Would you please give the entries again word for word, with no images in your copy?

══ INPUT MATERIAL

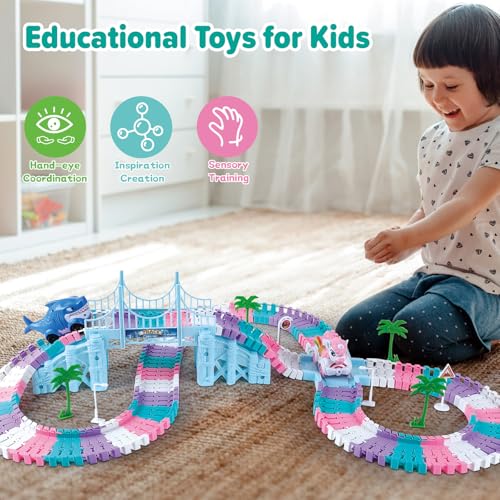 Image of Race Car Track Toys Monster Truck Tracks for Kid Toddler Girl,194 PCS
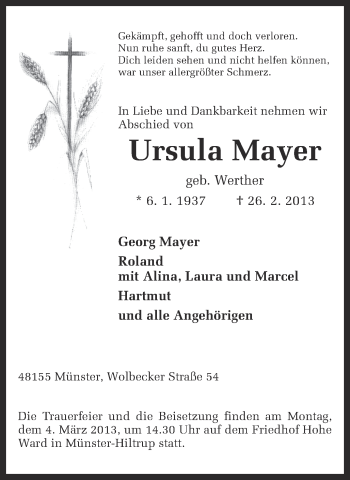 Anzeige von Ursula Mayer von Münstersche Zeitung und Grevener Zeitung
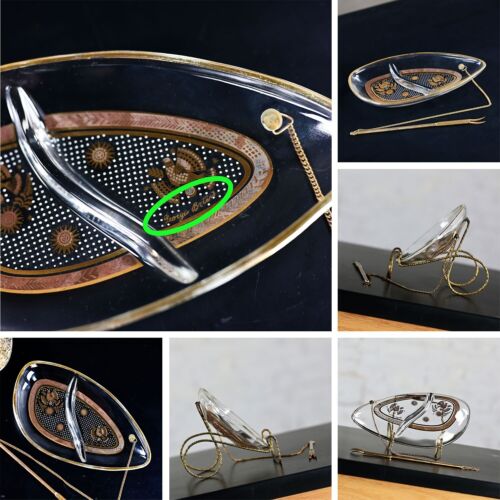 Georges Briard Glass Set 6 Pezzi 1 Vassoio 2 Piatti Quadrati 2 Ciotole e 1 Piatto Relish - Foto 14 di 21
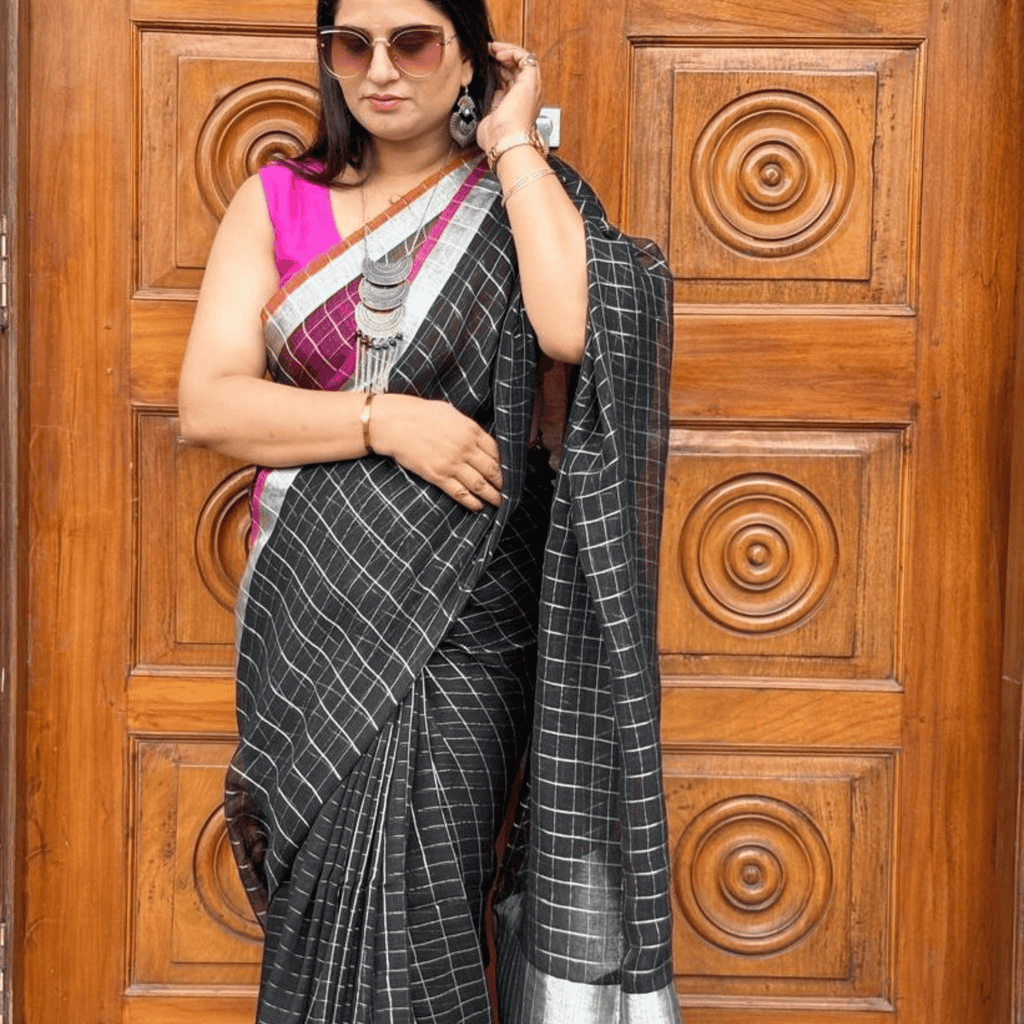 Pure Linen check Saree (Black)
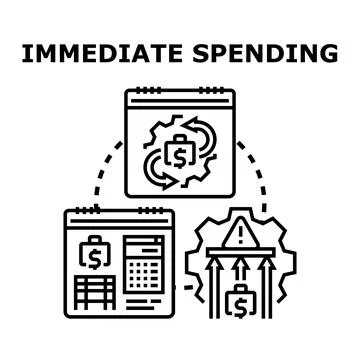 Immediate spending financial deadline planning and budgeting concept Stock Illustration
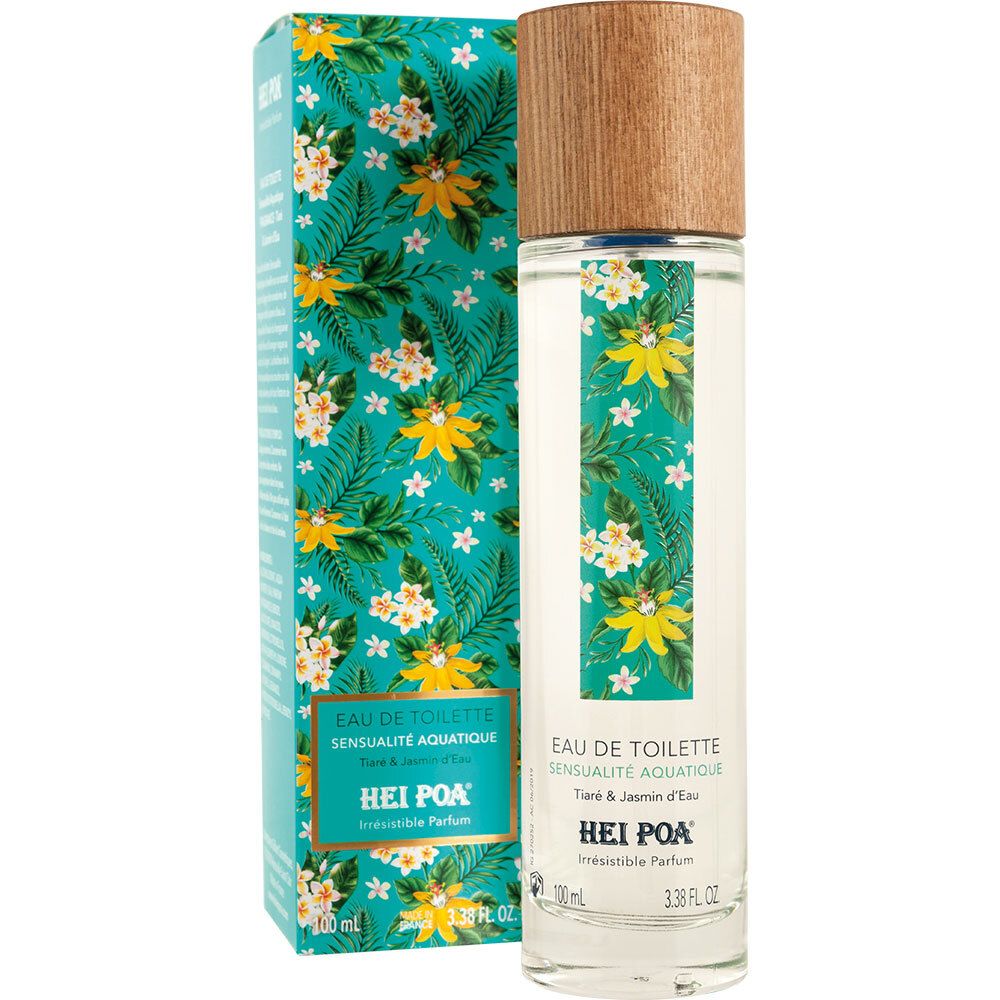 Fles en verpakking. Fles met houten dop. Verpakking met bloemmotief en tekst: HEI POA, Eau de Toilette.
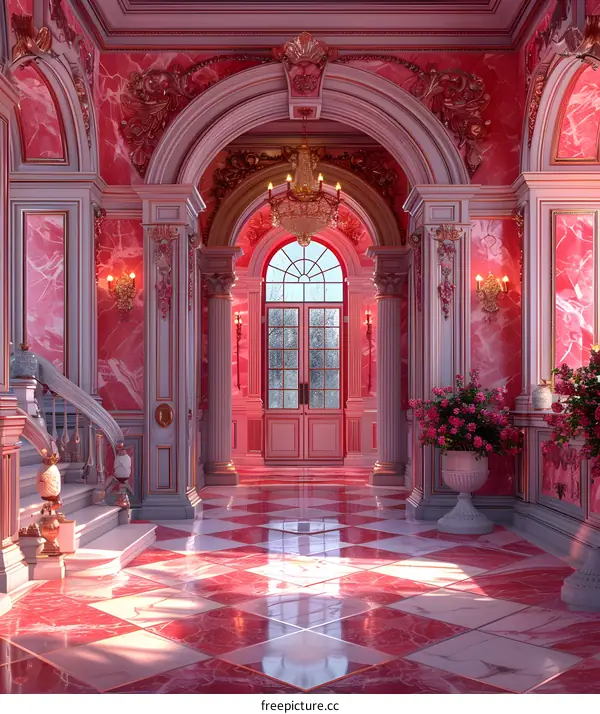 Pink Marble Archway Corridor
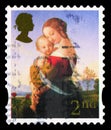 Postage stamp printed in United Kingdom shows Madonna and Child (William Dyce), c 1827, Christmas 2007 - Angels serie, circa 2007 Royalty Free Stock Photo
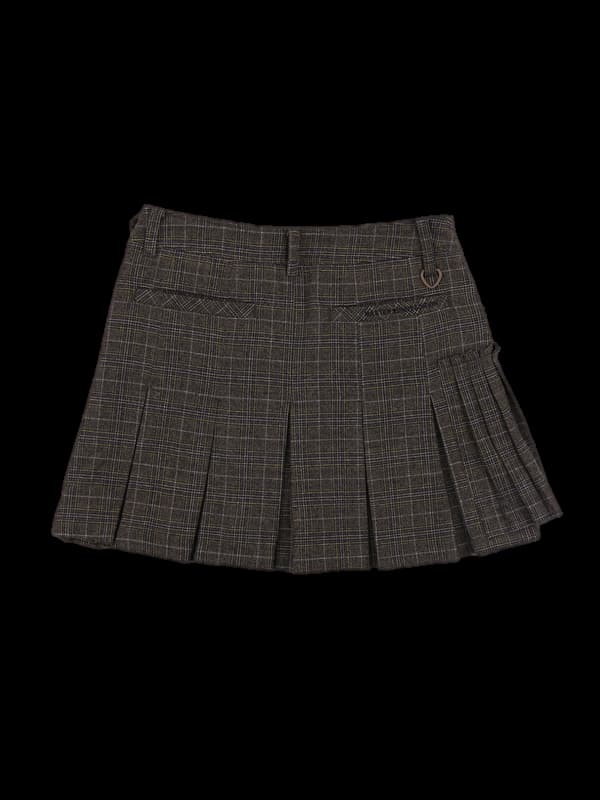 로고 체크 스커트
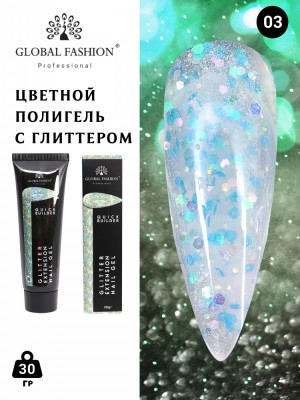 Polygel color pentru constructie unghii, Global Fashion, cu sclipici, 30 g, 03 foto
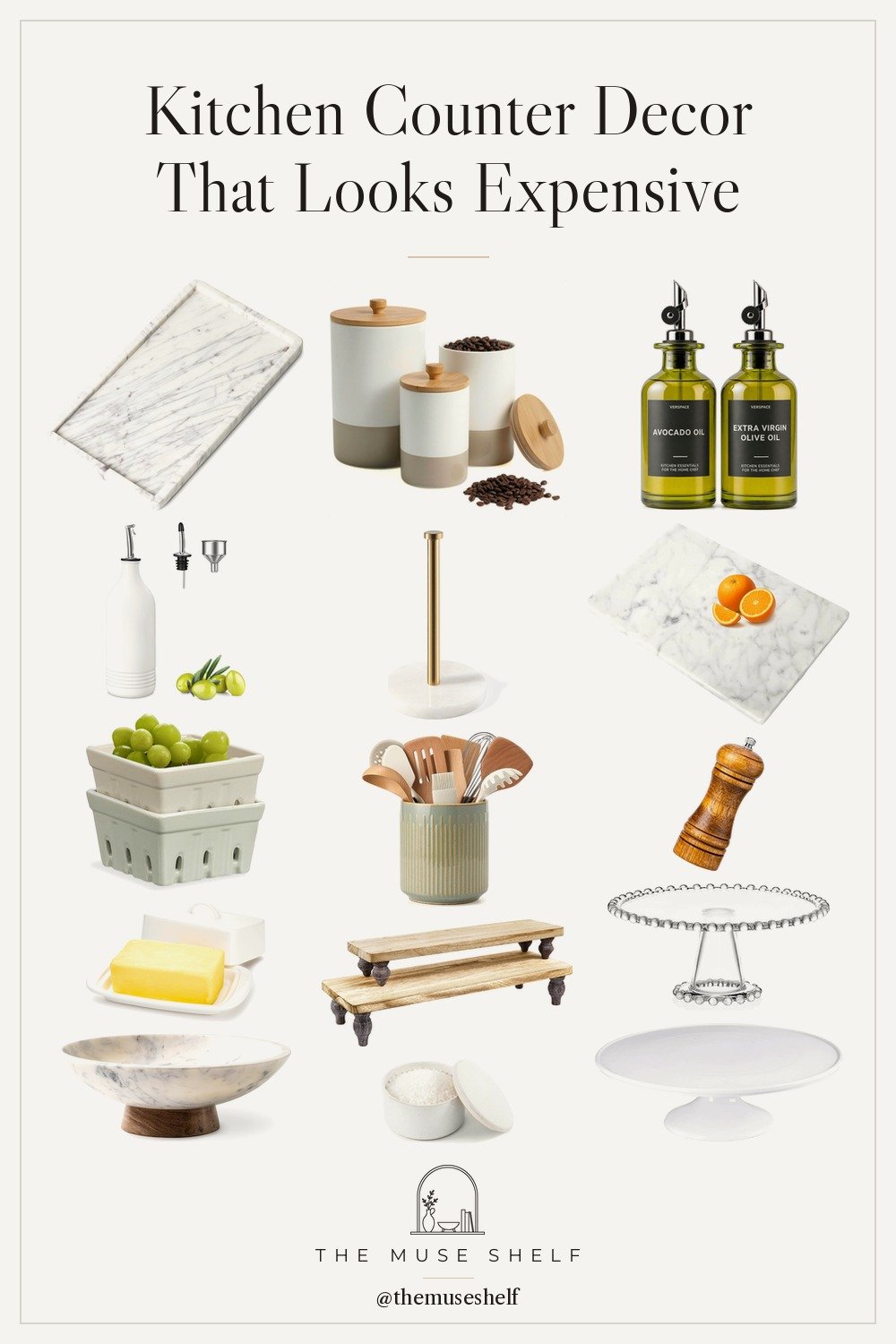 Collage of Amazon kitchen counter decor on a linen background: ceramic canisters with bamboo lids, marble cutting board, marble bowl on an acacia pedestal, marble paper towel holder, ceramic oil bottle, ribbed utensil crock, salt cellar, wood risers, marble tray, porcelain and beaded glass cake stands, butter dish, pepper mill, green glass oil bottles and ceramic berry baskets.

════

* RESULT FOR THIS EXERCISE *
 Image of Race Car Track Toys Monster Truck Tracks for Kid Toddler Girl,194 PCS
 Anzeige von Ursula Mayer von Münstersche Zeitung und Grevener Zeitung
 Georges Briard Glass Set 6 Pezzi 1 Vassoio 2 Piatti Quadrati 2 Ciotole e 1 Piatto Relish - Foto 14 di 21
 Pure Linen check Saree (Black)
 Immediate spending financial deadline planning and budgeting concept Stock Illustration
 Fles en verpakking. Fles met houten dop. Verpakking met bloemmotief en tekst: HEI POA, Eau de Toilette.
 Pink Marble Archway Corridor
 Postage stamp printed in United Kingdom shows Madonna and Child (William Dyce), c 1827, Christmas 2007 - Angels serie, circa 2007 Royalty Free Stock Photo
 로고 체크 스커트
 Polygel color pentru constructie unghii, Global Fashion, cu sclipici, 30 g, 03 foto
 Collage of Amazon kitchen counter decor on a linen background: ceramic canisters with bamboo lids, marble cutting board, marble bowl on an acacia pedestal, marble paper towel holder, ceramic oil bottle, ribbed utensil crock, salt cellar, wood risers, marble tray, porcelain and beaded glass cake stands, butter dish, pepper mill, green glass oil bottles and ceramic berry baskets.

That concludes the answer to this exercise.